Really, that was one of my biggest beefs with the Percy Jackson series of books.


----------



## Vanya (Feb 20, 2012)

Glad I'm on the right track. Thanks.


----------



## TWErvin2 (Feb 20, 2012)

It all depends on the world you're creating. My most recent novel had centaurs in it as well as a sphinx. 

Do what's right for the story, and if there is a logic to it within the context of the world/story, the reader will suspend disbelief.


----------



## ThinkerX (Feb 20, 2012)

There is a general rule of sorts.

Unless its a 'road' type story involving a lot of traveling, or unless the story is meant to be less than clear on certain points, then limiting the total number of races/creatures is a pretty good idea.

Consider Tolkien:  For good guys, he has humans, hobbits, elves, dwarves, and ents, each introduced and detailed in turn.
For bad guys, he had more humans, orcs (split into feuding tribes), trolls (really tough bad guys), and then really nasty buggers like the ring wraiths, plus a few individual monsters like dragons, giant spiders, and the like.  

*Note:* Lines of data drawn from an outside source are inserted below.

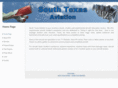 southtexasaviation.com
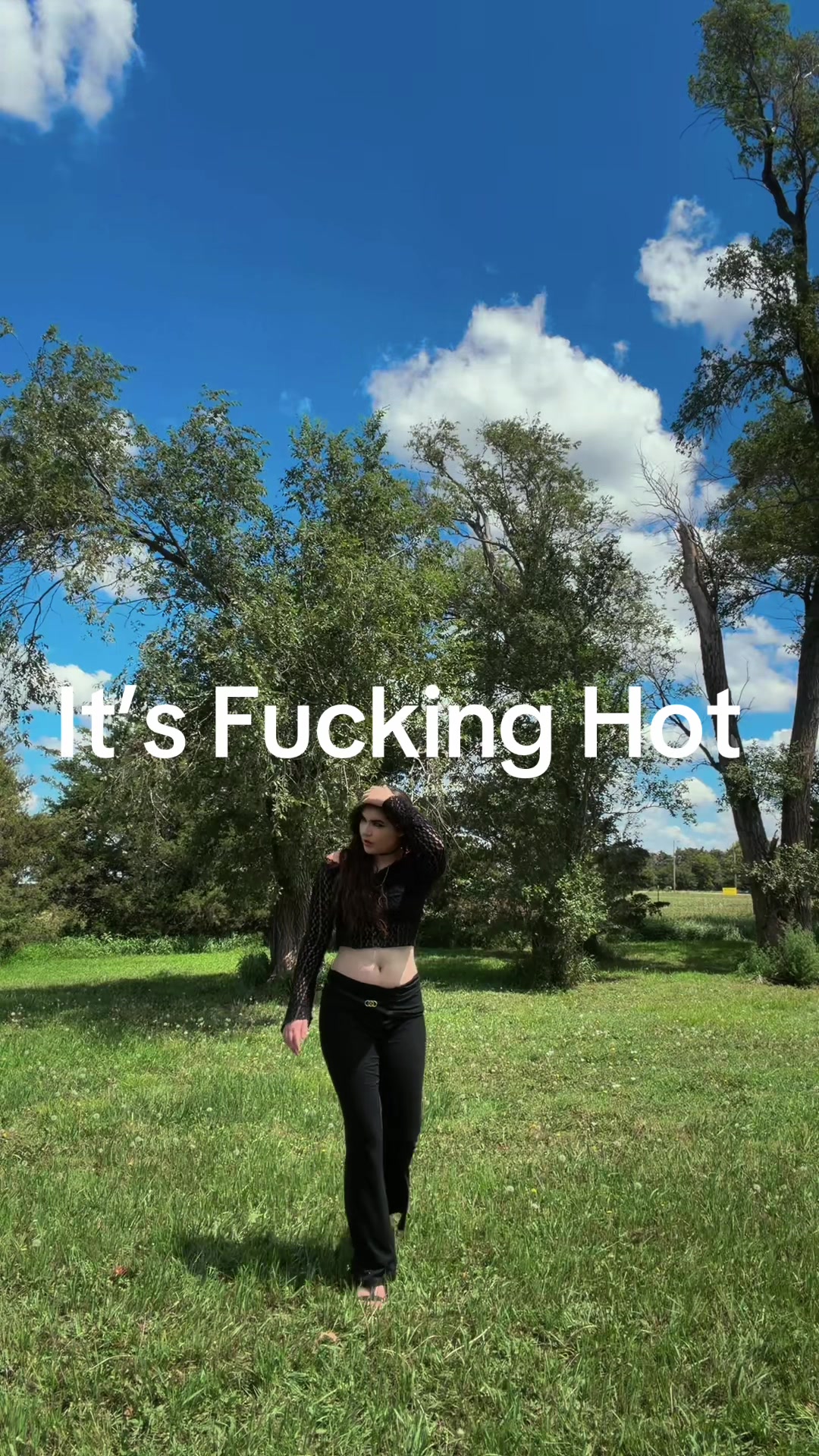 @yazmin 𖣂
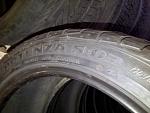 Bridgestone SO3 255/40/19-bridgestone-so3.1.jpg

Limiting things like this makes it easier for the reader to keep track of who is who. 

Another example would be Feists 'Magician' series (original).  He has humans, elves, and dwarves for good guys - though the last two spend a lot of time off stage.  For not so good guys he has more humans, dark elves, goblins, and trolls - all with a defined place in his world. (there are also his other worlds, notably Kelewan, but even there he limits things).  Like Tolkien he does have some very rare and nasty critters - but the reader is made aware of these - dragons, wraiths, and like things.  

Alot of the newer fantasy writers - particularly the TSR ones - didn't quite grasp this: they would drop in race after race of beasties with little or no explanation as to how they fit together or even what they looked like.  Like - Kobold, Orc, Gnoll, Goblin, ect all in one bunch.  Plus they'd be dropping in apparently random beasties from the monster manuals - Beholders, Manticores, and more, all just sort of thrown together, all identified by name, without really explaining what the name meant. 

That said, introducing an unknown tentacled thing in some dank pit is acceptable.


----------



## mirrorrorrim (Feb 21, 2012)

ThinkerX said:


> There is a general rule of sorts.
> 
> Unless its a 'road' type story involving a lot of traveling, or unless the story is meant to be less than clear on certain points, then limiting the total number of races/creatures is a pretty good idea.
> 
> ...



I'm not sure I'd consider 7+ different races (including multiple nations for each race) small.  But I think you make a good point—every creature should be described in enough detail for the reader to have a good grasp of just what your heroes are looking at. If they're not going to be able to tell the distinction between a manticore, a griffin, and a chimera without having done some outside reading, and all you need is some terrifying creature that's a combination of two or three normal animals, it makes a lot more sense to choose just one to use, instead of all three.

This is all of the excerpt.